Three powerful forces all brands face today, all contributing to a spiral of commoditization for products. Undifferentiated, unglamourous, unexciting, Products are a bad business to be in these days.
So how can premium brands retain what makes them truly unique, special… in short, magical?
By taking control back on the Product Experience. I’m not talking “Experiential Marketing” here. I’m talking about Marketing The Experience - the shopping, consumption and sharing rituals that a product fits in.

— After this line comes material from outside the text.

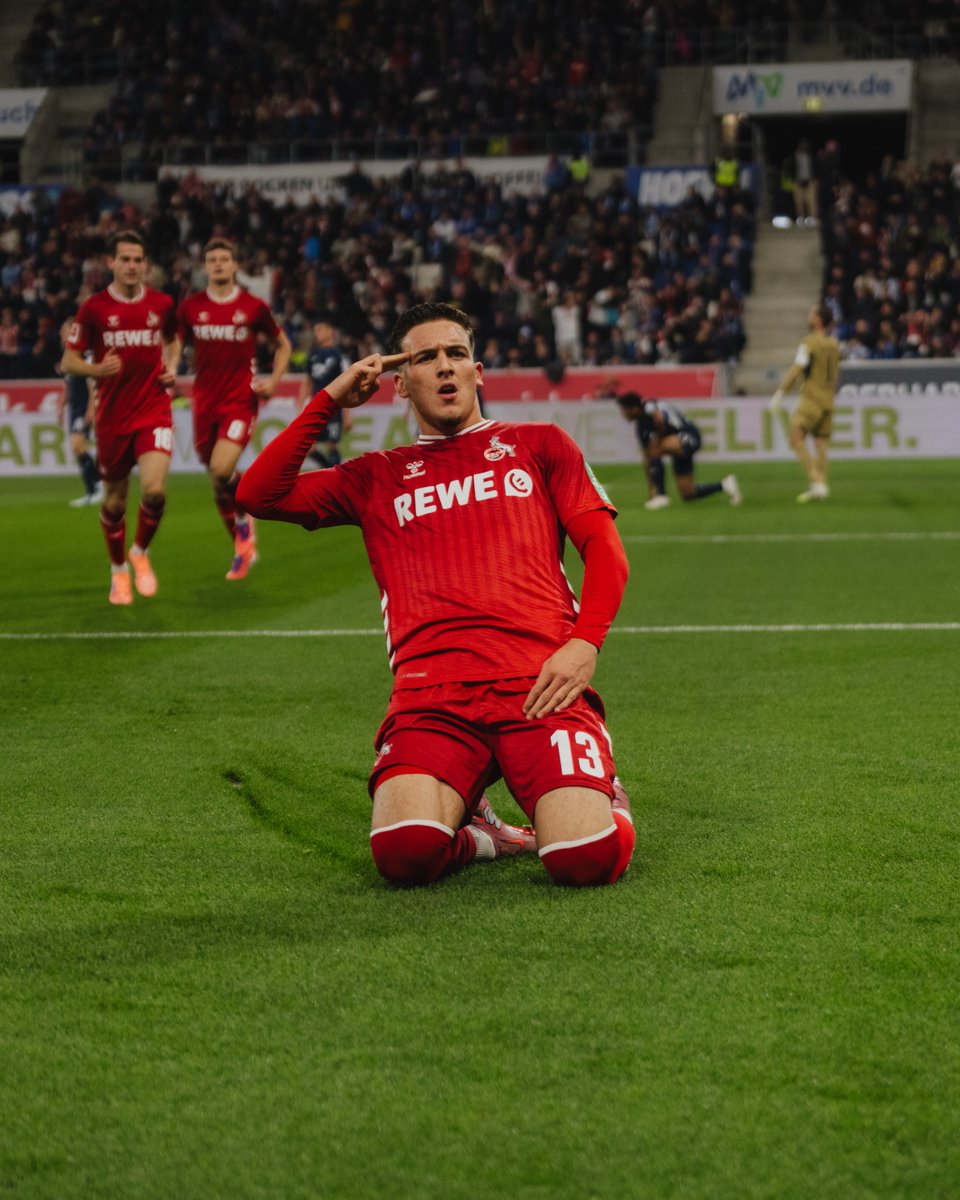 1. FC Köln Pictures That Go Hard tweet media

Soda on its own may not be the most exciting product… but if you’ve learned to enjoy a Pepsi with a pizza or burger, the experience of having a pizza or a burger will never be complete without Pepsi.
Traditionally left to third party distributors, or the privacy of consumers’ home, the Experience is now the battleground brands need to dominate.

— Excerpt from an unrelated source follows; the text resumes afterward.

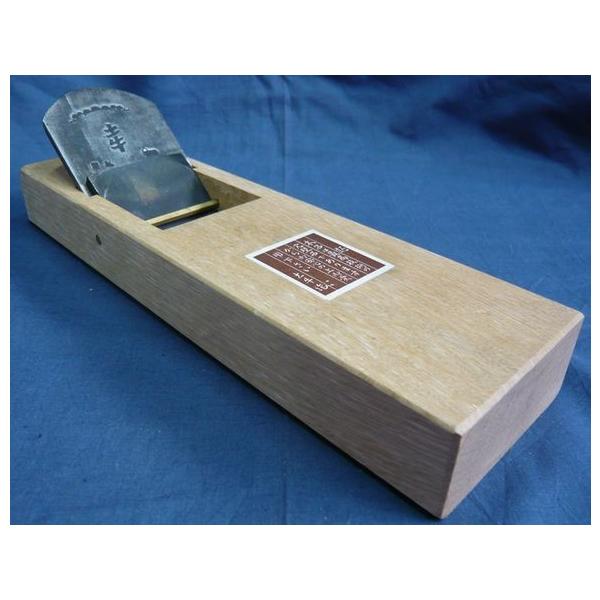 鉋 黒松土牛 寸六 /【Buyee】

THREE WAYS TO OWN THE EXPERIENCE MAGIC.
1. Flagships – owned shopping experience that educate and inspire.
Danone’s Yogurt Bar efforts fit in this strategy. So does the M&M Store, the Hershey Store, the Lego Store and countless other recent examples. Sure, there has to be a strictly business/revenue rationale for these ventures; but I believe their main reason is not the bottom line they generate. Walk into an M&M store, and you’ll be surrounded by the magic of chocolate and colors; you’ll enter a world where M&Ms can seduce and captivate you. Same for Lego, where the shopping experience ‘educates’ young and old brick-fans in the the 1,001 ways Lego brings imagination to life. As for Danone, wouldn’t you see yogurt as a little less banal if the bar inspired you to consume it in dozens of new delicious ways?

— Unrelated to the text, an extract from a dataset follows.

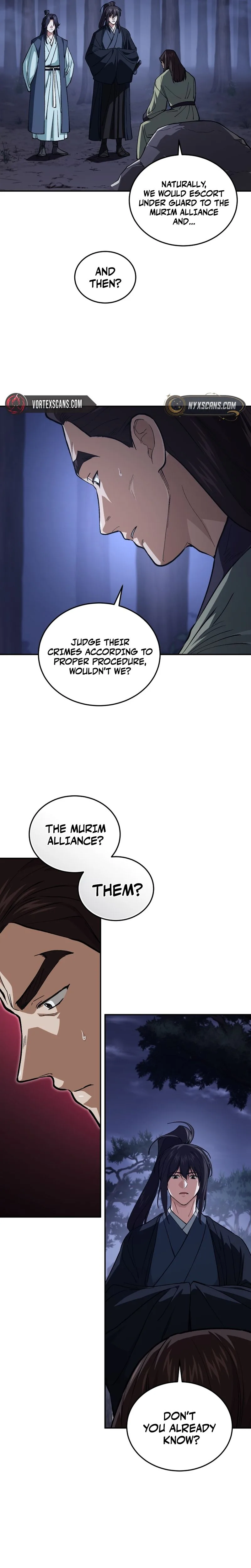 My Dad Is the Strongest Under Heaven Chapter 26 Page 31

2. Vertical Bundles – everything needed to enjoy you at your best.
What’s the best way to enjoy beer? Not bottles, it’s draft. But that’s not the product consumers can get in their fridge… at least it wasn’t until Heineken came up with Beer Tender, a high quality version of the keg-and-tap that brings the perfect draft experience home.
Do you know how to brew the perfect cup of coffee? Most people actually don’t, so the blend fine-tuning efforts of coffee champions like Kraft or Nestle are mostly wasted in botched preparation. That is, until the Nespresso and Tassimo systems offered a bundled alternative. Integrating a simple machine with single-serve coffee pods, they deliver the perfect cup, every time.
In both cases, high value for the consumer who gets the perfect beer experience, the perfect coffee experience… and high value for the brand who premiumizes otherwise commoditized markets.
3. Full Control – simply owning everything!
It’s a deeper commitment, but also not a surprise that the brands that capture the highest forms of consumer loyalty and love, are those with full control over the experience, both at retail and at home.
Take Apple – from the physical stores, to the closed OS, to the iTunes and App stores – the experience is fully owned by Cupertino’s teams. And the benefit is a level of quality, simplicity and consistency no other computer or phone brand can replicate.
Take Nespresso – from the day you buy a machine, you will only buy and drink pods ordered through their own high street or online stores. Your coffee issue forever solved.
OVER TO YOU.
It takes a mindset shift – stop seeing yourself in the business of selling products, start seeing yourself in the experience business…
What experience and rituals does your product fit in and elevate?
What is your product’s experience at its best?
How can you move up the chain and gain share of the full experience?